Clattenburg in the clear but FA slap Chelsea star with charge
16:44 22 November 2012
The Football Association will take no action against referee Mark Clattenburg over a complaint by Chelsea that he used a racist remark towards John Obi Mikel, but the Blues man has been charged over the incident.
The FA have decided there is “no case to answer” over the allegation the referee said “shut up you monkey” to the midfielder.
An FA statement also said the complaint by Mikel’s team-mate Ramires was “made in good faith”.
However, the Nigeria international has been charged by the FA with alleged misconduct after the match.
Clattenburg spoke of his relief and said the last few weeks had been “the most stressful of his life”.
He said: “I am looking forward to putting this behind me and concentrating on refereeing in the Premier League and other competitions.
“I am extremely grateful for the invaluable support of my family, my Select Group colleagues, the management of Professional Game Match Officials Limited and our union Prospect. The messages of encouragement from those inside and outside of the game have helped me through the most stressful time of my professional life.
“To know you were innocent of something but that there was the opportunity for it to wreck your career was truly frightening.
“Racism has no place in football and this experience should not discourage those to speak out if they genuinely believe they are a victim of abuse. However, there are processes that should be adhered to in order that any investigation can be carried out in a manner that is fair for all parties involved.

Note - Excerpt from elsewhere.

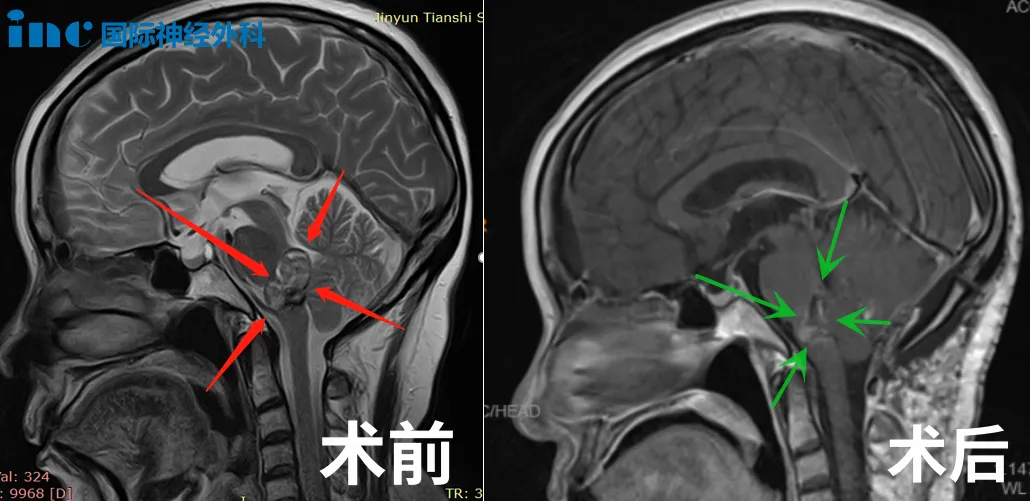 2019年9月，巴教授为黄女士进行了脑干海绵状血管瘤全切手术。整个手术过程顺利，且未损伤周围正常的神经结构。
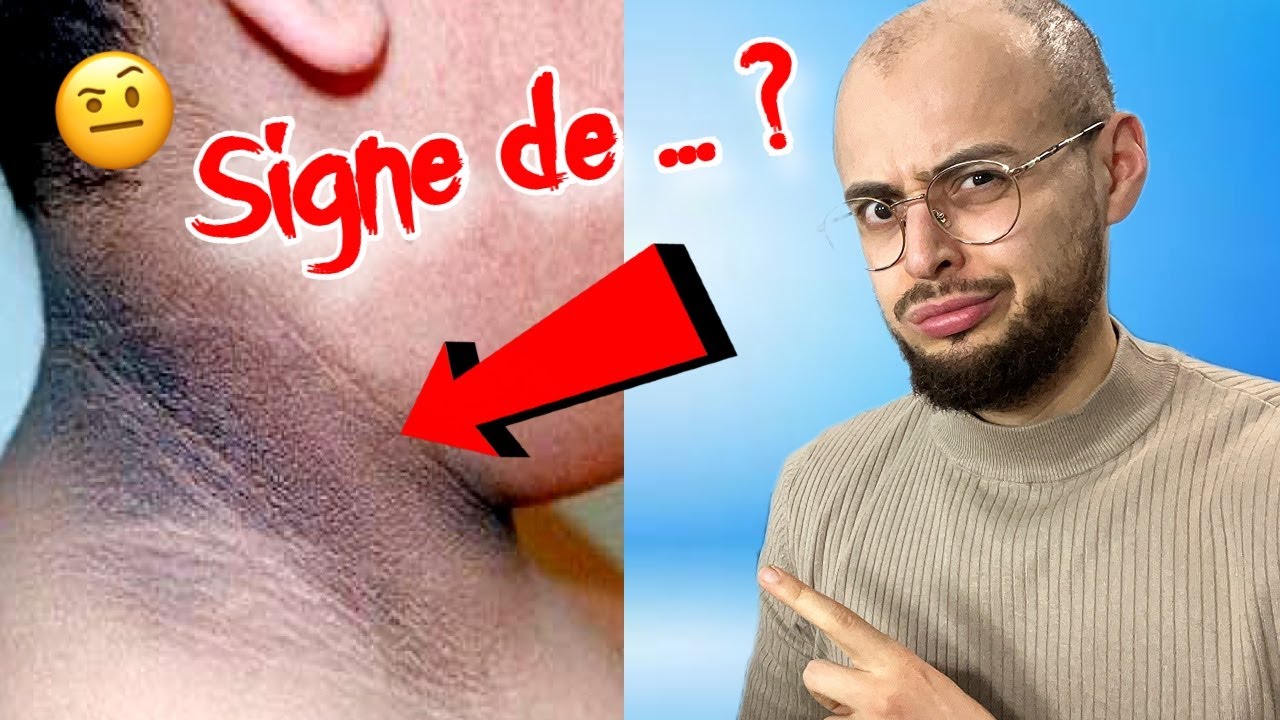 Pourquoi ça sur la peau ? Ep 2 : L'Acanthosis Nigricans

“I know first-hand the ramifications of allegations of this nature being placed into the public domain ahead of a formal process and investigation. I hope no referee has to go through this in the future.”
The FA said the evidence had been considered by independent QC David Waters who ruled Ramires’ claim was not supported by any other evidence and disputed by the other match officials.
An FA statement added: “Moreover it was contradicted by other witnesses and does not cross the evidential threshold required to bring a charge against Mark Clattenburg.
“Having considered Counsel’s opinion, and in view of all the circumstances of the case, The FA does not believe that there is a case for Mr Clattenburg to answer.”
Alan Leighton, national secretary of Prospect, the referees’ union, would like Chelsea to apologise and compensate Clattenburg for what he has been through.
“There was no doubt he was innocent,” he told Sky Sports News.
“There are lessons to be learned. Mark is very upset that his reputation has been dragged through the mud by this process, there was no need for Chelsea to make the public aware of the allegation.
“There is also an issue of flimsiness about the evidence provided.
“We need Chelsea to accept the verdict, apologise to Mark and compensate him for that.”